On Mon, Jun 27, 2011 at 9:01 AM, dpath2o <[email protected]> wrote:
> Chris, David, and Ingo
>
> ... I can do this in Matlab, however, the IO in Matlab is woefully
> slow and I need to go through thousands of these files, hence my
> switch to Perl and PDL. Since I knew a bit of Perl for file organisation
> I thought that converting my code from Matlab to Perl (with PDL)
> would be straightforward ... it's not, at least, for me!
If you have matlab code to read these files, it should
be possible to transcribe them to perl/PDL by mapping
to corresponding IO functions. Please keep track of
where you get stuck or where something is not clearly
documented/discoverable.
> @Chris, Starting off, I'm confused on $tmpl and what this should look like.

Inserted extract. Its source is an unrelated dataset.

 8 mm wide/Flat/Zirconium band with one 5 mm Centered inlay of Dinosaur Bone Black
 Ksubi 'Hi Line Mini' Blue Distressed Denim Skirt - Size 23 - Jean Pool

> I have read through perlpacktut and feel even stupider now. Actually, I
> understood the words but do not know how to apply it to this particular type
> of file ... I have tried just unpacking the first few bytes and just this
> was poking holes in the dark. I do realise $tmpl = 'n+xn+xn ... ' should be
> something like this, but I'm lacking something fundamental here because the
> documentation and what I implement don't produce the desired result.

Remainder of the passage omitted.